### Problem to solve
Starting with the first line of the data that follows, transcribe every line verbatim until the line containing "業界級堅固霧面 Cherry iPhone 手機殼（相容於 MagSafe）" has been transcribed.

Short text fragments from websites
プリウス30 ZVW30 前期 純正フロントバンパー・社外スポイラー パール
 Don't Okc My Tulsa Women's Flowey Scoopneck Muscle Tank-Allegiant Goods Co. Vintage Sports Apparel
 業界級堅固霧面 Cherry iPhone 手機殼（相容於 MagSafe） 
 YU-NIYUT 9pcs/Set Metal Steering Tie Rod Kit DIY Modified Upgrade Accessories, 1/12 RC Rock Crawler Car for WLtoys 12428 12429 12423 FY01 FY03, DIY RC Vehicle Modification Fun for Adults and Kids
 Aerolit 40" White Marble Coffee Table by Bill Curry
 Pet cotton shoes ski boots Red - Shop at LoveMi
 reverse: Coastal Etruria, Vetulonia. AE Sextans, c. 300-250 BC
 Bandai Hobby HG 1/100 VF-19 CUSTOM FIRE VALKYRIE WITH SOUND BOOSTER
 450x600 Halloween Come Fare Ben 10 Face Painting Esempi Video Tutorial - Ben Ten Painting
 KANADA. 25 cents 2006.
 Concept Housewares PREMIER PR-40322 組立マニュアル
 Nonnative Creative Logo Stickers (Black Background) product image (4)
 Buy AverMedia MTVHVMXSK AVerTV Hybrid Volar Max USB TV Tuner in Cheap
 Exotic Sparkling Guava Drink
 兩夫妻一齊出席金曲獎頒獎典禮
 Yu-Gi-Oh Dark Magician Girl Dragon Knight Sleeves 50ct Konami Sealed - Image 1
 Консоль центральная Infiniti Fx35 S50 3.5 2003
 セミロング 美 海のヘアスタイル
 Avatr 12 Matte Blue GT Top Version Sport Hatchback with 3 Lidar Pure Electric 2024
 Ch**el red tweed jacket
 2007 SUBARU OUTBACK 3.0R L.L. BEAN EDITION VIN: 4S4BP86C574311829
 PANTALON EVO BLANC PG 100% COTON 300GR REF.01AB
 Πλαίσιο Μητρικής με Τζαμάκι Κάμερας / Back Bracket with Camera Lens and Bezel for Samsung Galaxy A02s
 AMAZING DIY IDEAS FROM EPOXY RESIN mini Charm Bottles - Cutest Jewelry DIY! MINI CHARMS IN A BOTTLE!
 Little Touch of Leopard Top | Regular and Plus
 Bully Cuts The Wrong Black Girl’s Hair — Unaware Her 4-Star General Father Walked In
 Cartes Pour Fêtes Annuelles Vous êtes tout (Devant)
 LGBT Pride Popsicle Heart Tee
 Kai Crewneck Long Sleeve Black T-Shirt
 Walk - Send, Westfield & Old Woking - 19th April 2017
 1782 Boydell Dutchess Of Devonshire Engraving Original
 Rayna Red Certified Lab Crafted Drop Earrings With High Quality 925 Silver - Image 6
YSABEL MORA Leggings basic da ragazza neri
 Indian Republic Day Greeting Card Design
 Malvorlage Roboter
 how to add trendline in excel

### Answer box
プリウス30 ZVW30 前期 純正フロントバンパー・社外スポイラー パール
 Don't Okc My Tulsa Women's Flowey Scoopneck Muscle Tank-Allegiant Goods Co. Vintage Sports Apparel
 業界級堅固霧面 Cherry iPhone 手機殼（相容於 MagSafe） 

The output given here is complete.